Hi all could some one help understand this problem? I understand that the new resulting vector after the wind is -200.5 i + 482.5 J.
and if you want to calculate the magnitude you obtain 522.5, but how on earth do you obtain 112.6? and why do you multiply the magnitude by the sum of the magnitude of the vector divided by the magnitude?
On
$112.6^\circ$ is the angle $\theta$ such that $\cos{\theta}=\frac{-200.5}{522.5}$ and $\sin{\theta}=\frac{482.5}{522.5}$.
There are several methods to solve this, all using inverse trigonometric functions.
For example, taking the arctangent of $\frac{\sin\theta}{\cos\theta}$ gives us a result of $-67.4$ (in degrees). We can't take this, since its cosine is supposed to be negative yet its cosine is positive.
We then use the fact that solutions to $\tan\theta=c$ for constant $c$ is in the form $a+180k$ where $a$ is a real value and $k$ is an integer. This fact allows us to look at $-67.4+180=112.6$ as the potential argument for the vector, which when verified, works.
We divide the net force vector by its magnitude to get its unit vector. This unit vector is in the same direction as the original vector and its magnitude of $1$, which allows us to conveniently set $\cos{\theta}$ to the i-component and $\sin{\theta}$ to the j-component.
On
If you have a vector of the form:
$a(\cos \theta \vec i + \sin\theta \vec j)$, where $a\ge0$, then it means the magnitude of vector is $a$ and the vector makes $\theta$ with positive direction of $x$-axis.

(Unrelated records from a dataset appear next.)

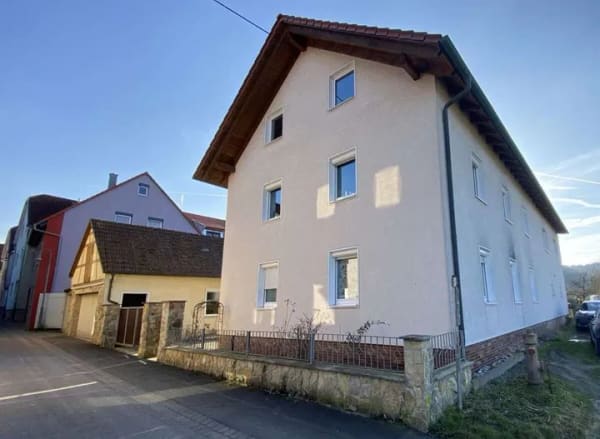 Immobilie in Eußenheim - Gepflegtes Zweifamilienhaus in Eußenheim 
mit Ausbaureserve im Dachgeschoss - Bild 2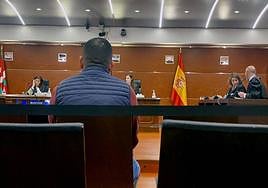 El encausado se sentó ayer, miércoles, en el banquillo de los acusados.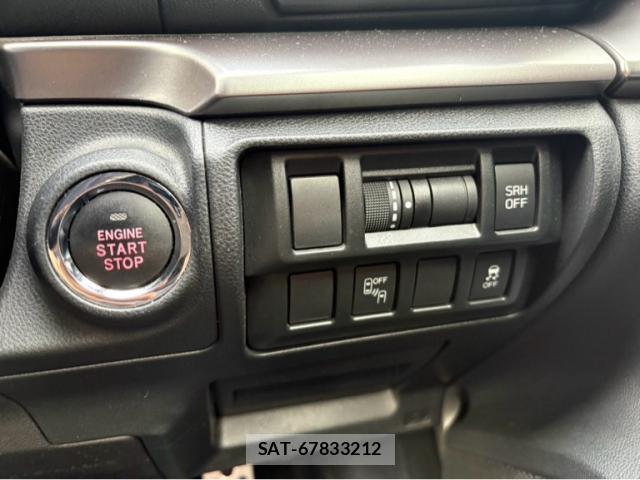 Subaru XV HYBRID 2019-08 8005404-19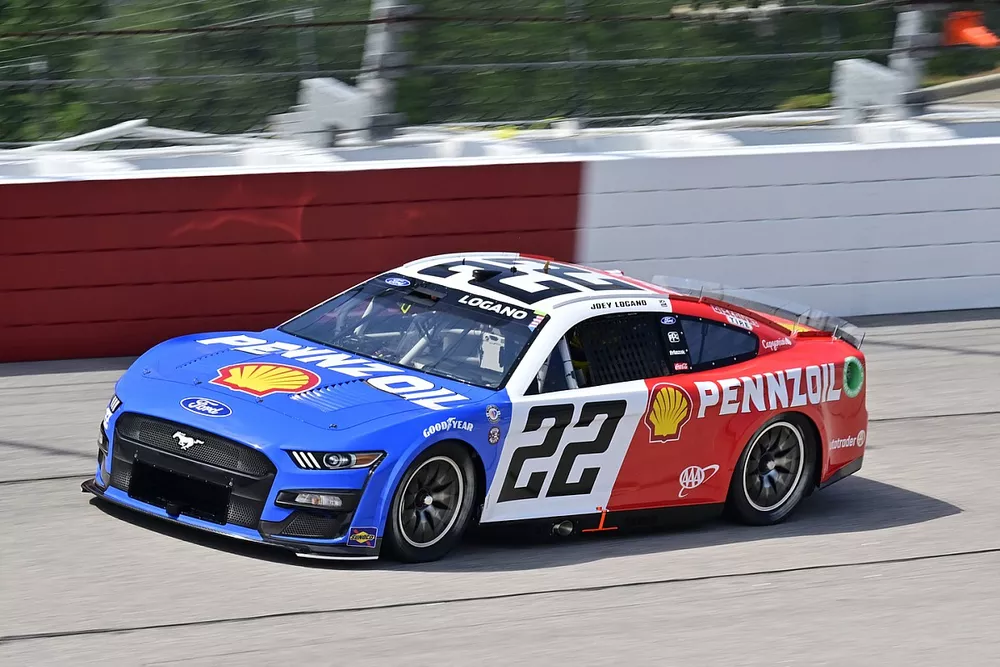 Joey Logano, Team Penske, Shell Pennzoil Ford Mustang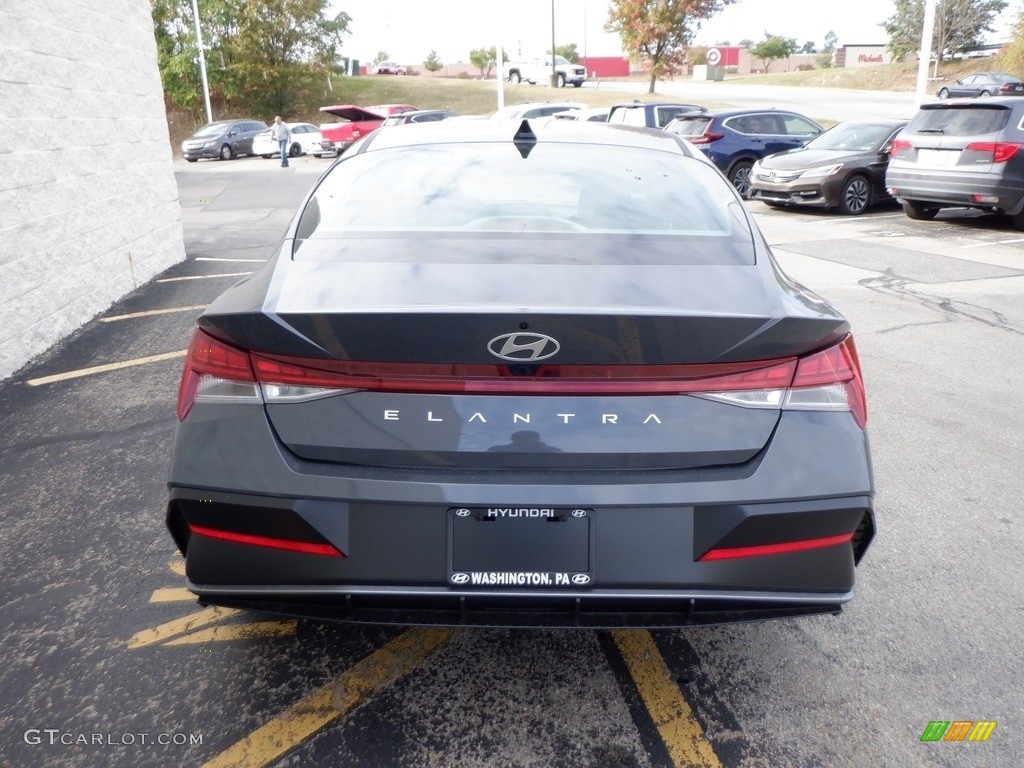 2024 Elantra SEL - Ecotronic Gray / Gray photo #7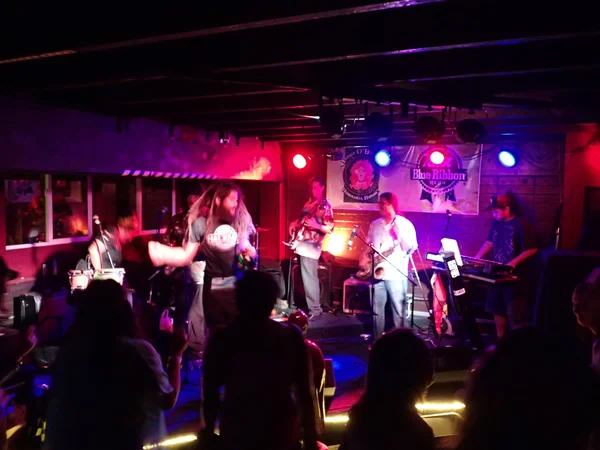 Reggae Artist Alex Marley jumps in the air as he jams with band — Stock Photo, Image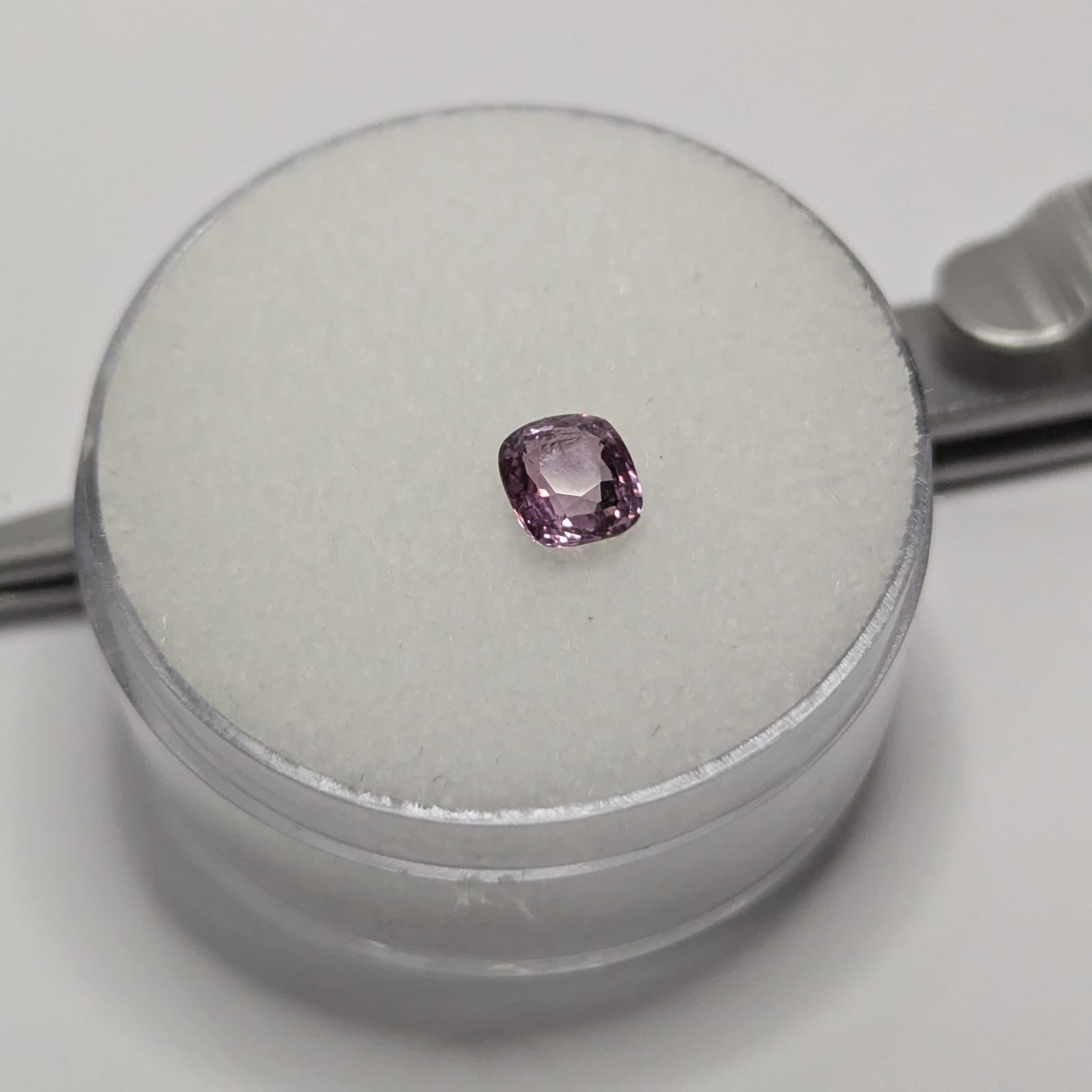 Espinela morada 5.88 x 5.36 mm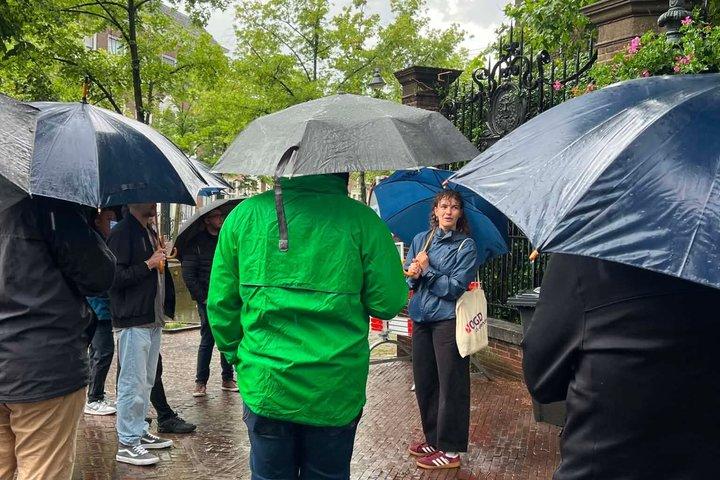 Delft: English Walking Tour of the Old City Center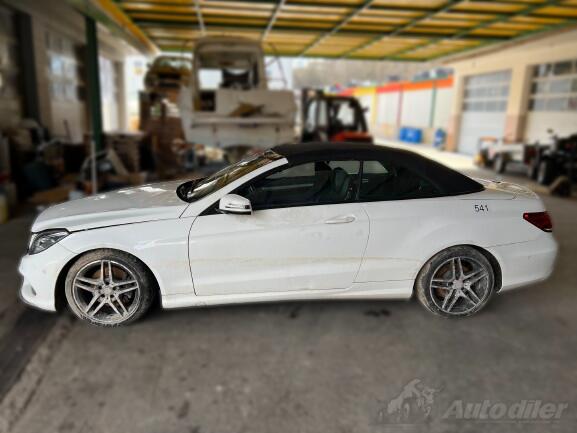 U djelovima Mercedes Benz - E 220 A207 W207 KABRIO 2013 AMG	220CDI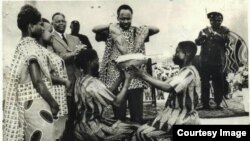 Julius Nyerere Rais wa zamani wa Tanzania na muasisi wa chama cha TANU ambacho hivi leo ni CCM akichangaya mchanga wa Zanzibar na Tanganyika kuunda Jamhuri ya Muungano wa Tanzania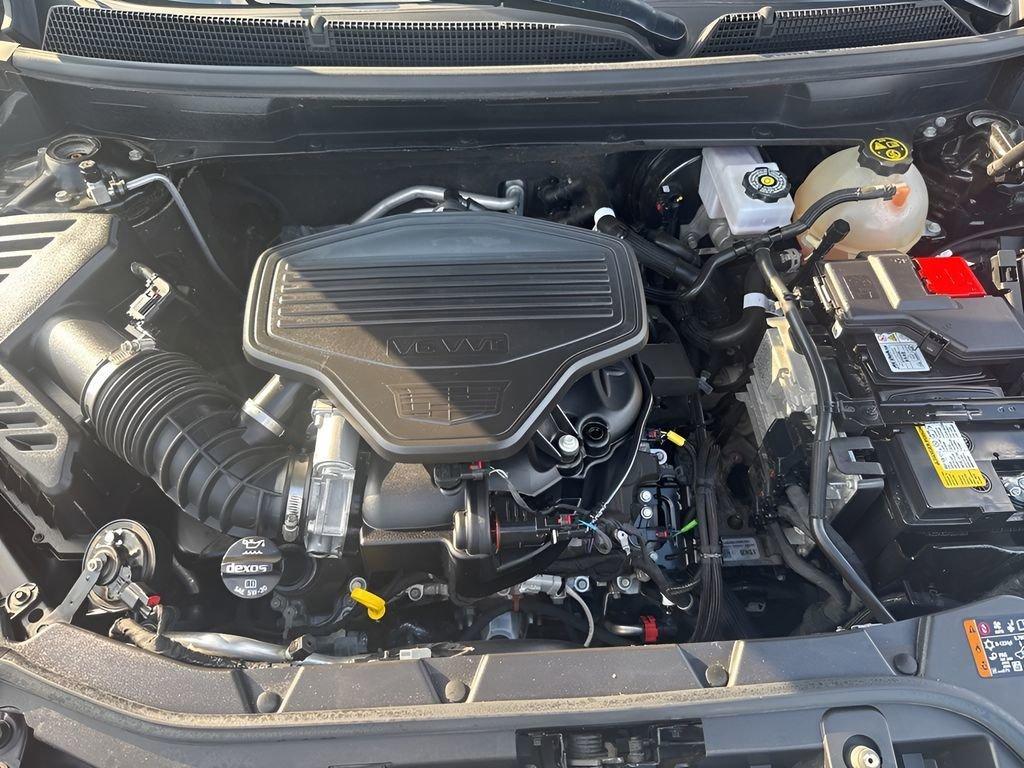 used 2023 Cadillac XT5 car, priced at $36,891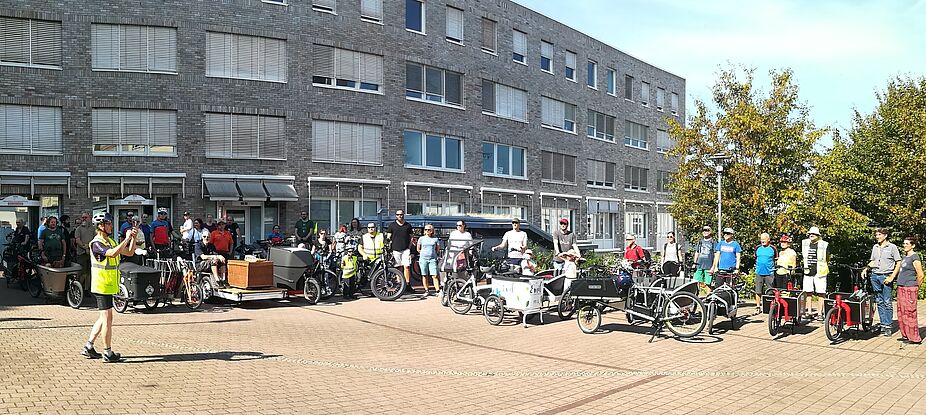 Zwischenstopp auf dem Rathausplatz Unna Lastenräder auf dem Rathausplatz Unna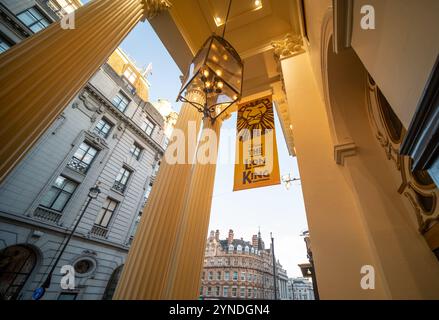 LONDRES - 21 NOVEMBRE 2024 : Lyceum Theatre, siège de la comédie musicale Lion King très populaire et à succès dans le West End de Londres Banque D'Images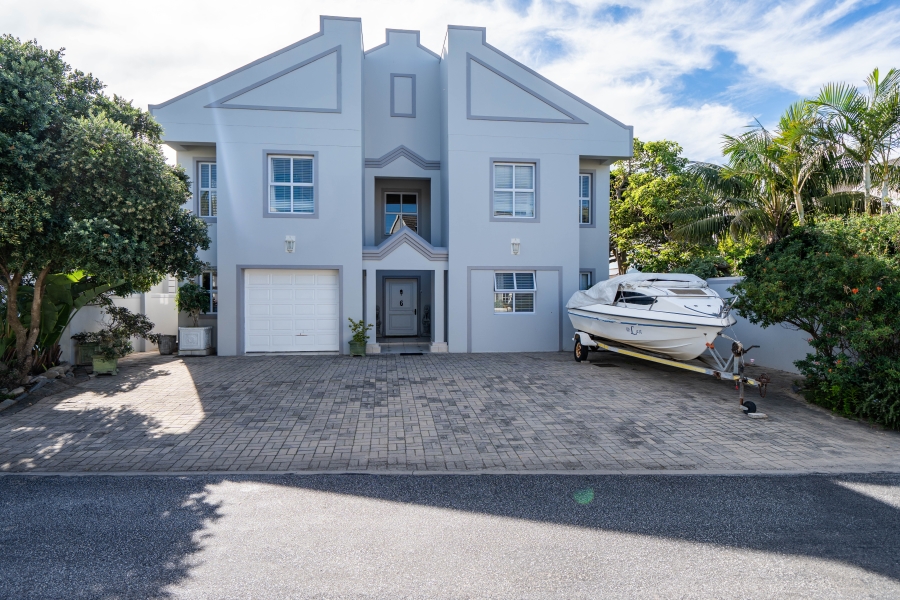 5 Bedroom Property for Sale in Royal Alfred Marina Eastern Cape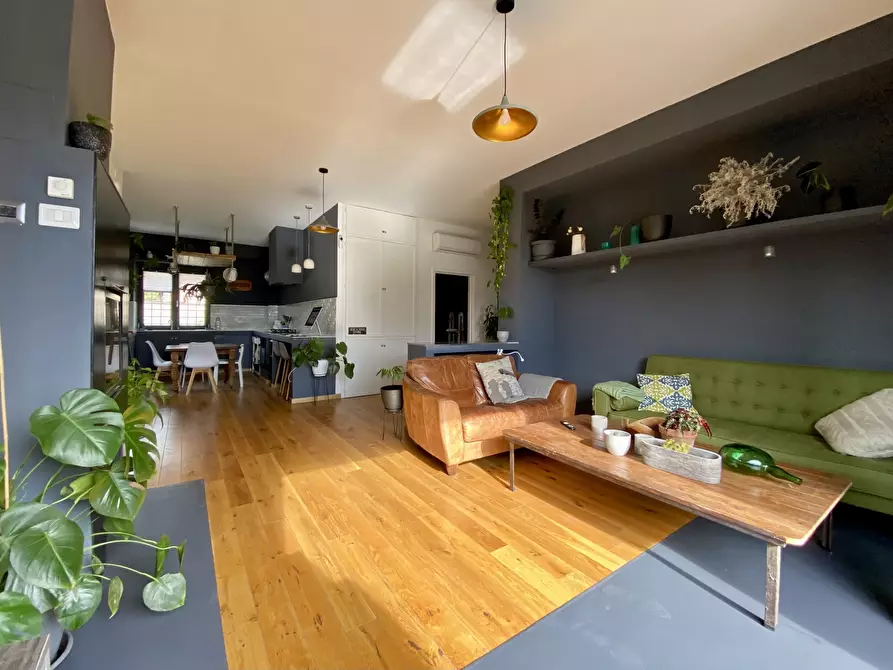 Immagine 7 di Villa in vendita  in Via delle Ninfe 25 a Anzio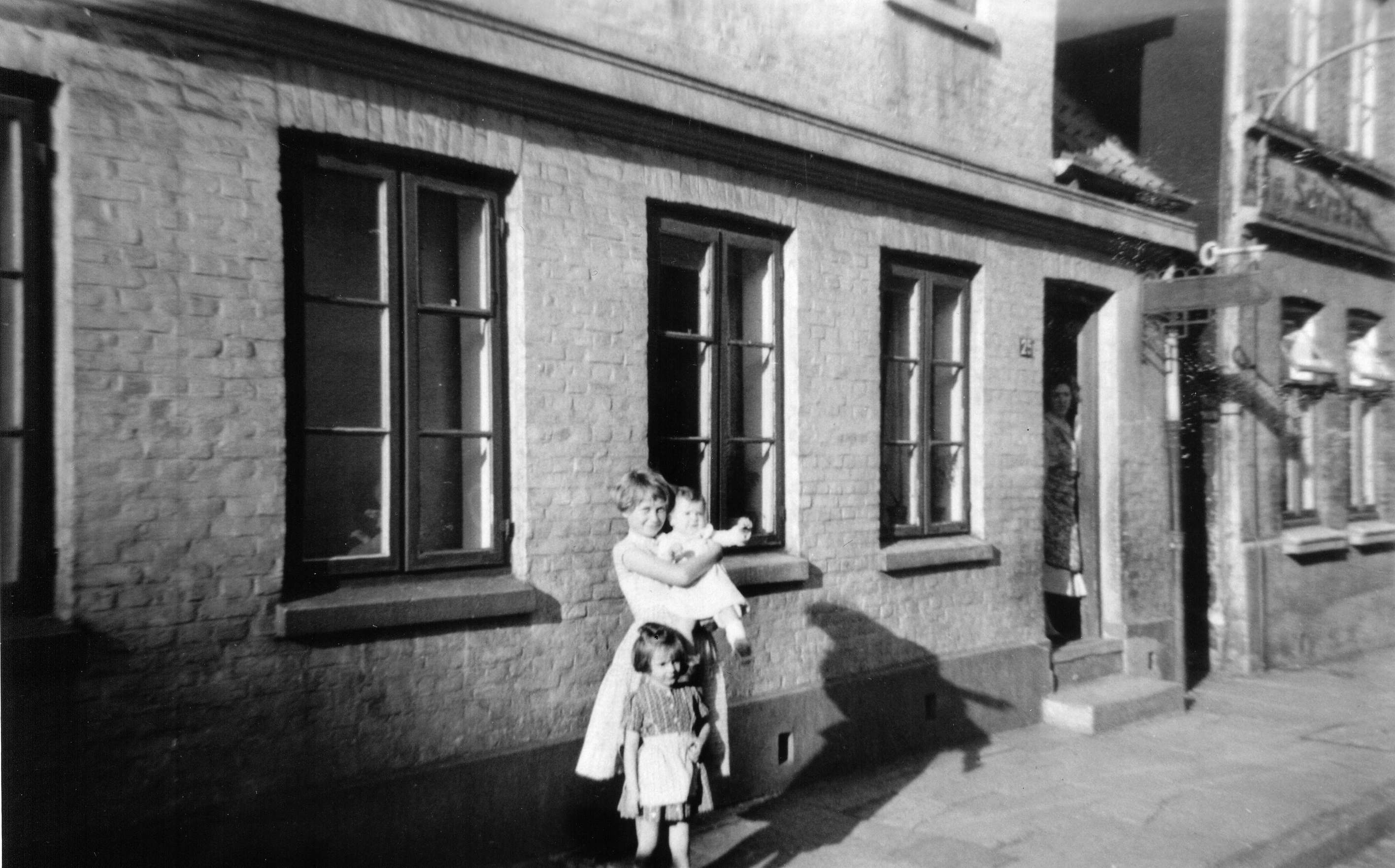 Kinder in der Zeißstraße gegenüber der Drahtstiftefabrik, 1950er-Jahre
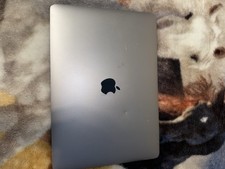 Apple MacBook Pro 13" Intel Core 8GB 512gb SSD Silver 2018 FOR PARTS/NOT WORKING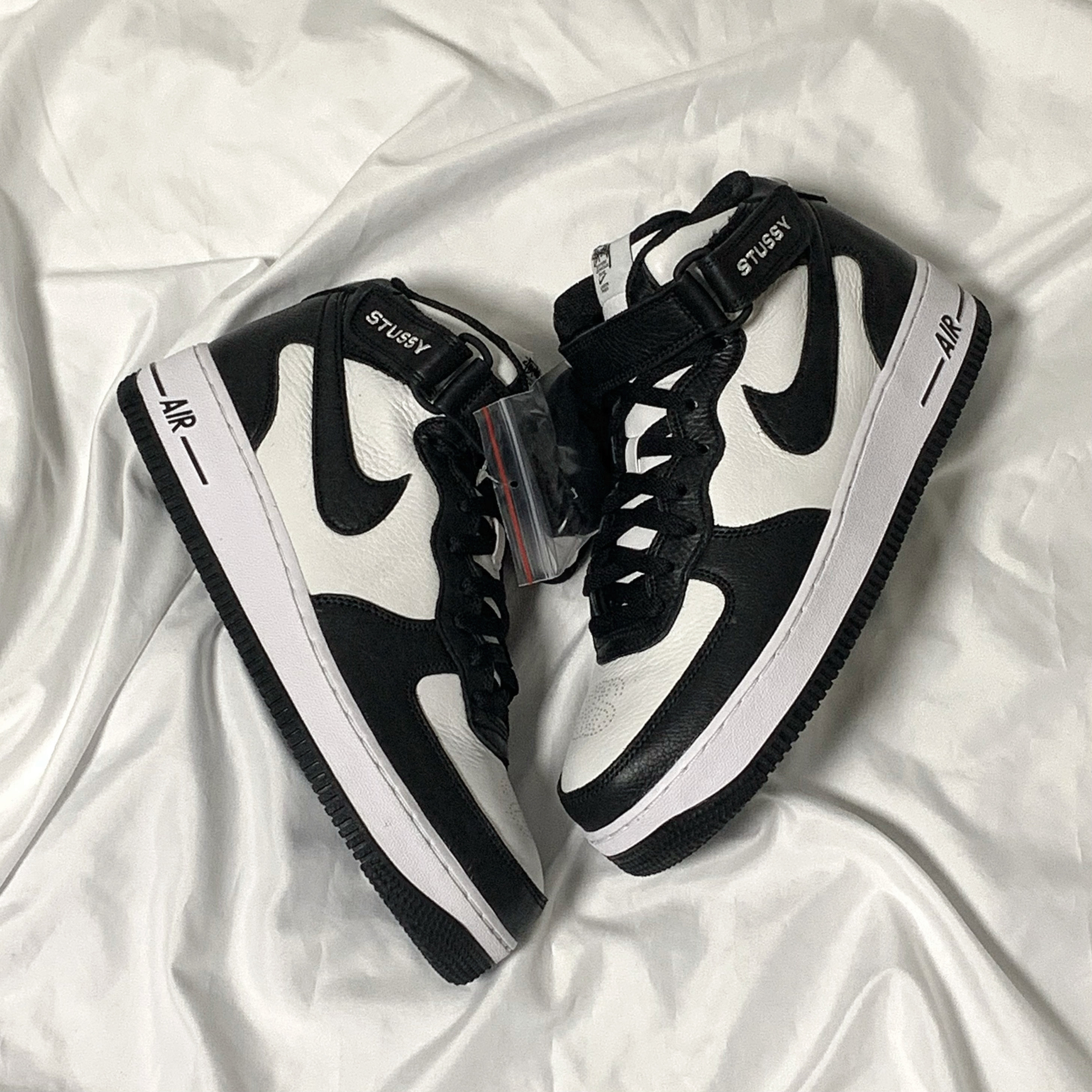 Nike x Stussy Air Force 1 '07 Mid SP Black and Light Bone 착용 스타일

Note that in this the $i$ component and $j$ component should square and add to unity. That is the vector should be a unit vector.
So in general if you have a vector:$a\vec i+b\vec j$ then you can always convert it into form: $$ \sqrt{a^2+b^2} \left( \frac a {\sqrt{a^2+b^2}} \vec i+\frac b {\sqrt{a^2+b^2}} \vec j \right)~,$$ and can find a $\theta$ such that $$\sin\theta =\frac a {\sqrt{a^2+b^2}} \quad\text{and} \quad\cos \theta=\frac b {\sqrt{a^2+b^2}}~.$$
Now, you can see that the magnitude of vector is ${\sqrt{a^2+b^2}}$ and vector makes $\theta$ with the positive $x$-axis.
to get the angle they use sin inverse and cosine inverse of the fractions next to I and k respectively in the very last line of the equation.
The way to do this is to think "what angle has $$\cos{\theta}=\frac{-200.5}{522.5}?$$
The answer can be gotten using a calculator and using the inverse cos button, it looks like cos but with a negative 1 exponent. It can also look like $$ \arccos{\theta} $$
they mean the same thing. You simply use the button and type the fraction. make sure that the answer has the sin you need as well.
For the second part, remember that a vector is direction and magnitude, but there is always the vector with magnitude one. Dividing both the I and K magnitudes with the main magnitude gives you the numbers for this "magnitude 1" vector, and because its easy to get to any other magnitude using this vector with magnitude one, we usually want to calculate it.